VALMIKI J. MEHTA, J (ORAL)
1. This first appeal is filed under Order 43(1)(d) of Code of Civil
Procedure, 1908 (CPC) against the impugned order of the trial court dated
22.2.2011 by which trial court dismissed the application under Order 9 Rule
13 CPC of the present appellant (respondent in the petition for judicial
separation in the court below). The effect of dismissal of the application
under Order 9 Rule 13 CPC is that the exparte decree of a judicial separation
dated 3.2.2005 will stand. I may note that there is pending a second petition
for divorce on the ground that appellant herein has not complied with the
FAO No.318/2011 Page 1 of 5
decree of divorce and that petition is being contested on merits and nothing
is observed herein with respect to the merits of the matter in the second
petition for divorce.
2. The case of the appellant herein was that she was never served
in the petition for judicial separation inasmuch as the appellant had shifted
from the Mumbai address where she was living i.e flat No.604-D, Dheeraj
Regency, Borivali (East), Mumbai. It is argued that the flat in question in
Mumbai was let out w.e.f 1.5.2004 and the appellant had shifted to
Bangalore. It is argued that consequently no summons were ever received
by the appellant in the judicial separation proceedings being petition
No.257/2004 (registered as HMA No.974/2009 in the Court at Delhi after
transfer from the Court at Haridwar).
3. A reading of the impugned order shows the following:-
(i) Though the appellant claimed that she had shifted to Bangalore,
neither there are necessary averments with respect to the address at
Bangalore and nor averments as to how and why the appellant herein had
shifted to Bangalore.
(ii) The case of the appellant was that the premises were let out to
the tenant at Mumbai and she had shifted to Bangalore, and if that was so,
appellant was required in the least to give the address at Bangalore which
FAO No.318/2011 Page 2 of 5
has admittedly not been done. To this I would like to add that not only the
address at Bangalore had not been filed, but also averments as to why did the
appellant shifted to Bangalore is not mentioned. Not only the appellant has
not given her residential address at Bangalore, surely if the appellant would
have shifted to Bangalore; she would have shifted to take some employment
inasmuch as the appellant is having the qualification of B.Ed., however, no
details are furnished as to what is the name of the employer and what was
the address of the employer at Bangalore.

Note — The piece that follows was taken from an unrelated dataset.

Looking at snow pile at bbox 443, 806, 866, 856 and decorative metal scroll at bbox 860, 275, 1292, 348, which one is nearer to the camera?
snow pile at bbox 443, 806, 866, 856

4. Therefore, the court below in my opinion, has rightly come to a
conclusion that the case of the appellant not living at Mumbai address and
having shifted to Bangalore is quite clearly not believable.

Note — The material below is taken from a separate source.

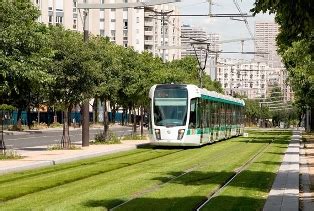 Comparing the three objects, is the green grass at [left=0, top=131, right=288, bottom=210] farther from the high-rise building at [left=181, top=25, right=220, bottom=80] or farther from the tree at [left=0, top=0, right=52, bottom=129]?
the high-rise building at [left=181, top=25, right=220, bottom=80]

5. Another conclusion of the court below, and with which I completely
agree, is that once the appellant was not served in the suit by the ordinary
method and was served my means of publication in a newspaper, the case as
put up by the appellant of how she came to know of the judicial separation
proceedings, had to have credibility. In this regard, trial court notes that
there is no credibility inasmuch as the appellant has not given sufficient
detailed facts as to how, when and in what circumstances she came to know
about the pending proceedings for judicial separation inasmuch as all that is
stated is that through some relative the appellant on 1.4.2006 came to know
FAO No.318/2011 Page 3 of 5
of the divorce proceedings. This aspect of knowledge through a relative was
also not stated initially but was brought in pursuant to an amendment which
was allowed in the application under Order 6 Rule 17 CPC filed after two
years and two months of filing the application under Order 9 Rule 13 CPC.
Therefore, the court below has held that the stand of the appellant is not
believable with respect to how she came to know of the exparte decree of
judicial separation.
6. At this stage, I would like to refer to the second proviso to
Order 9 Rule 13 CPC which was brought in by Act 104 of 1976 w.e.f
1.2.1977. The object of bringing in this proviso was that where court finds
and is satisfied that a defendant in a case is watching the proceedings
although the defendant has not been formally served by accepting of
summons, then, in such a case court need not set aside the exparte decree.
This second proviso of Order 9 Rule 13 CPC reads as under:-
"Provided also that no such decree shall be set aside merely on the
ground of irregularity in the service of summons if the Court is
satisfied that the defendant knew, or but for his willful conduct
would have known, of the date of hearing in sufficient time to enable
him to appear and answer the plaintiff's claim."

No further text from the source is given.